Polit. Gem. GR, Kreis Disentis, Bez. Surselva. Talgemeinde am Aufgang zum Oberalppass im Quellgebiet des Vorderrheins. T. umfasst am linken Rheinufer den Hauptort Sedrun, die Fraktionen Tschamut, Selva, Rueras/Dieni, Camischolas/Zarcuns, Gonda sowie Bugnei, am rechten Surrein und Cavorgia. Bis 1920 gab es keine direkte Verbindung über den Rhein. 1237 Thiuesch, dt. Tavetsch (offizieller Name bis 1976). 1850 979 Einw.; 1900 810; 1950 1'122; 1960 1'855 (Kraftwerkbau); 2000 1'525.

Der Oberalp- und der Chrüzlipass hatten für das T. bis im SpätMA dieselbe Bedeutung. T. wurde im 9. und 10. Jh. von Disentis aus kolonisiert und gehörte zur Cadi. In den rom. Siedlungen im Talgrund lebten neben Freien und Eigenleuten der Abtei Disentis um 1300 auch solche des Klosters Wettingen. Ab dem 12. Jh. wanderten Walser über die Oberalp zu und siedelten am linken Rheinufer, im SpätMA kamen sie vom Val Medel in den Raum Surrein/Cavorgia. Sie assimilierten sich, doch blieben zahlreiche dt.

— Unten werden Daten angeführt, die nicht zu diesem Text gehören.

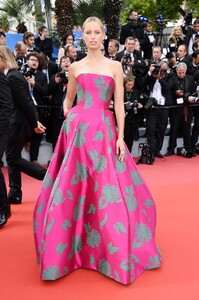 [1150750721] 'Once Upon A Time In Hollywood' Red Carpet - The 72nd Annual Cannes Film Festival.jpg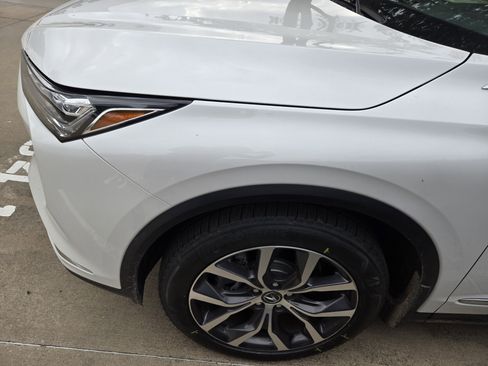 Certified 2023 Acura MDX FWD w/ Technology Package image 8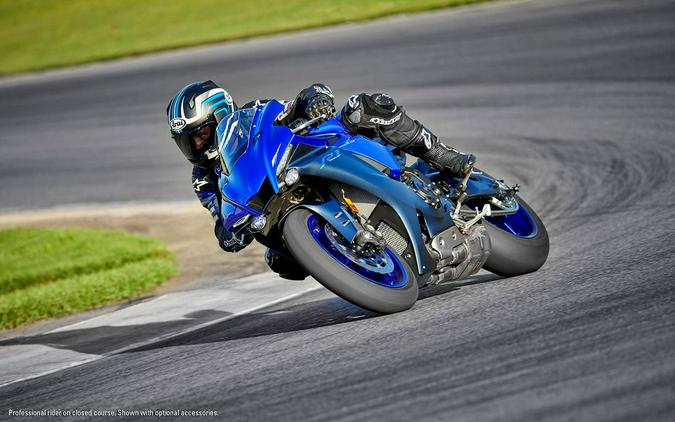 2024 Yamaha YZF-R1 Preview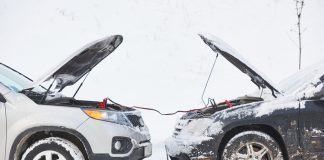 Auto überbrücken: So gelingt die Starthilfe mit dem Überbrückungskabel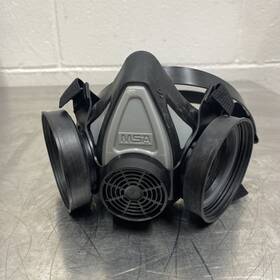 7-1509-2 Msa Half Face Respirator With 2-piece Neckstrap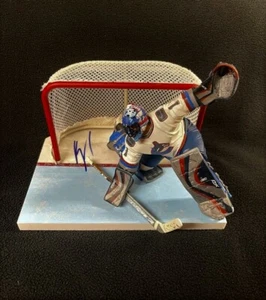 Roberto Luongo Signed Vancouver Canucks McFarlane Figure - Picture 1 of 1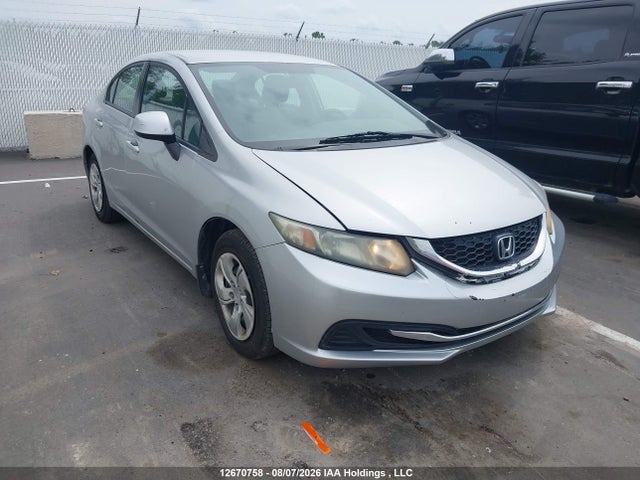 Продажа на аукционе авто 2013 Honda Civic, vin: 2HGFB2F42DH011210, номер лота: 12670758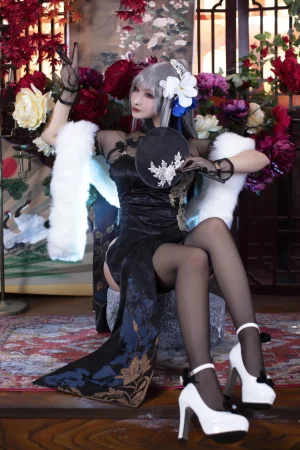 洛璃LoLiSAMA《碧蓝航线·路易九世旗袍》写真图集 43P｜在线预览与图包下载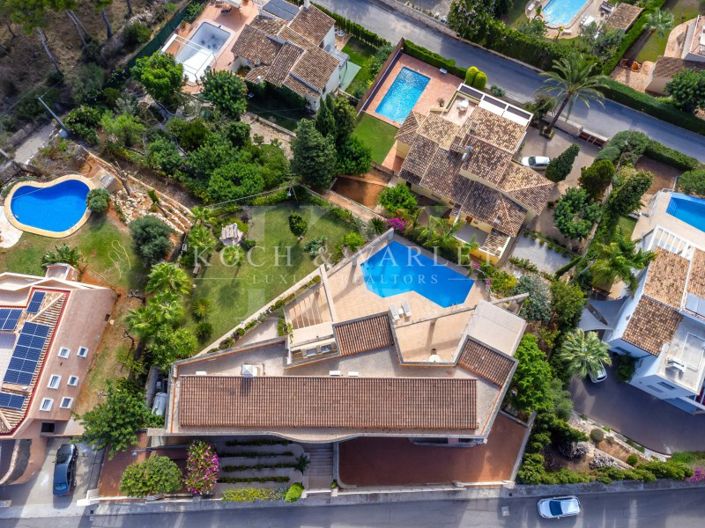 Image No.81-7 Bed Villa for sale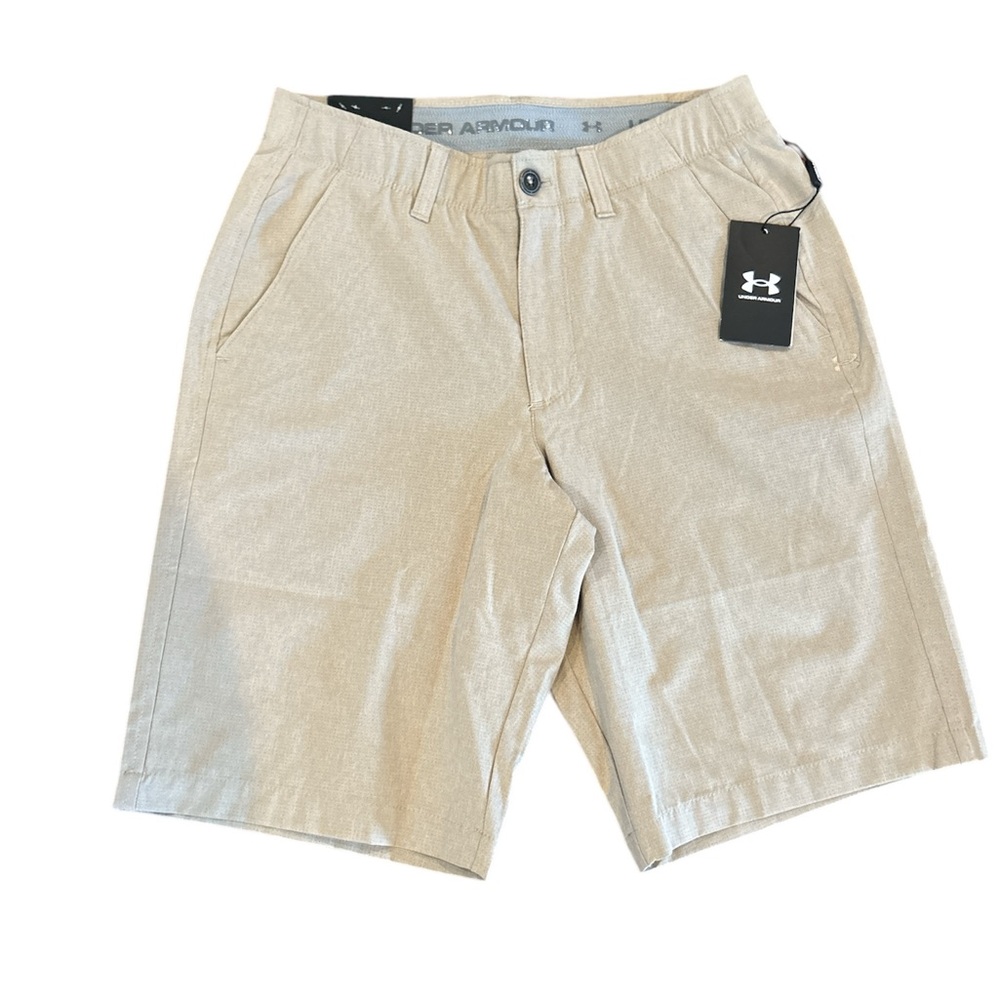 Under‎ Armour Men’s Size 30” Waist Khaki Golf Shorts NWT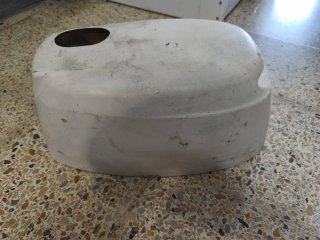 Tapa motor fueraborda Johnson/Suzuki 4-5-6hp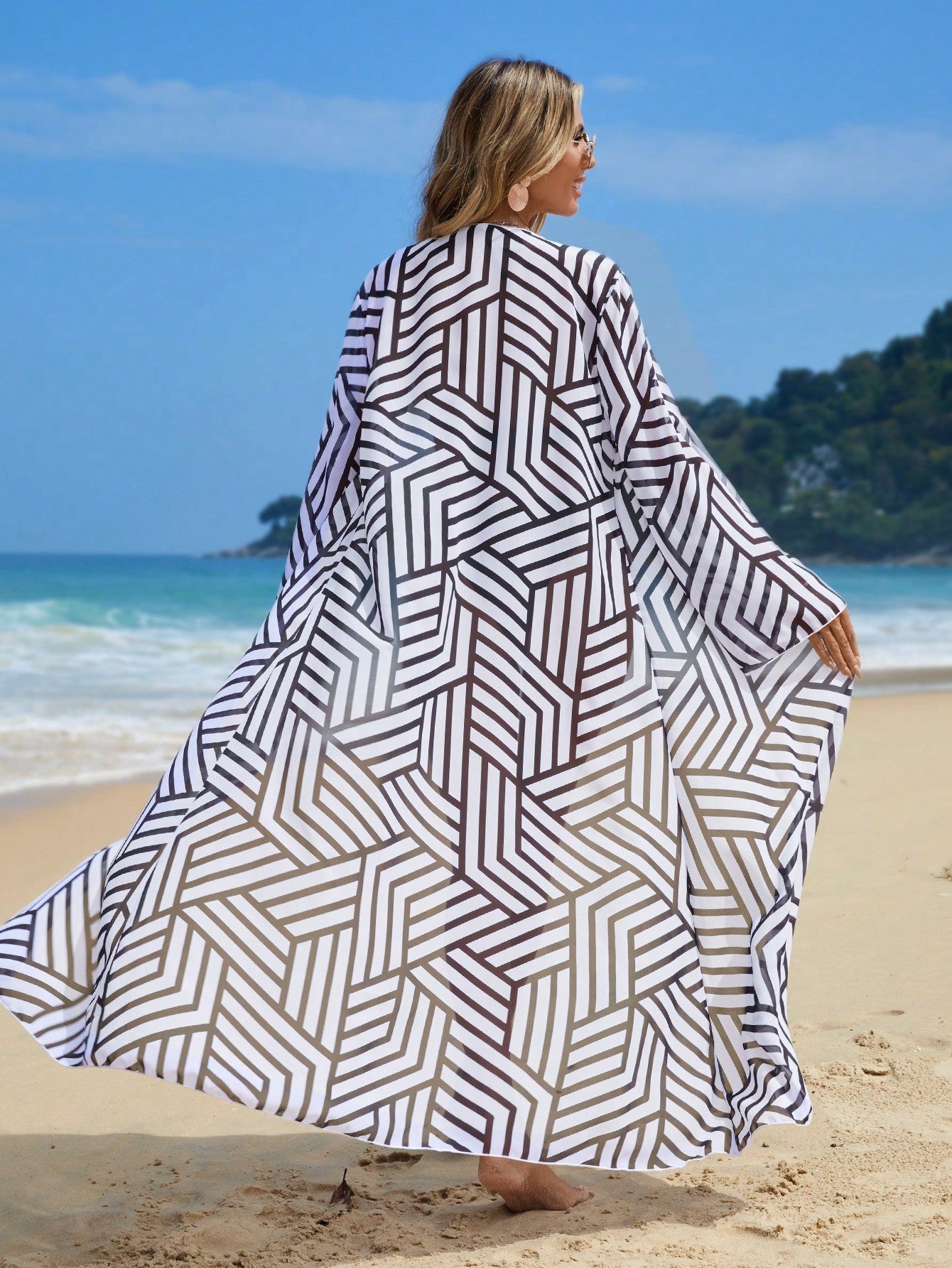 Saída de Praia Longa Preto e Branco com Nó na Gola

Orts-, Flur- und Familiennamen erhalten. Die im 15. und 16. Jh. dokumentierten 66 Siedlungen gingen auf elf zurück, die meisten verschwanden im 18. Jh.

Im 13. und 14. Jh. amtierten die von Pontaningen als Ministeriale der Abtei. 1325 sind die vicini de Tuvez urkundlich bezeugt, 1371 wurde ein Bauer aus Cavorgia erster Landammann der Cadi. Im Gericht der Cadi war T. der zweite Hof. 1380 wurden die ersten Alpkorporationen gegründet. 1390 fand der Auskauf des klösterl. Schafzinses, 1622 der Zehnten auf die Güter denter auas (zwischen den Wassern) und 1745/55 aller Zehnten statt. Die letzten Abgaberechte der Abtei verfielen 1866.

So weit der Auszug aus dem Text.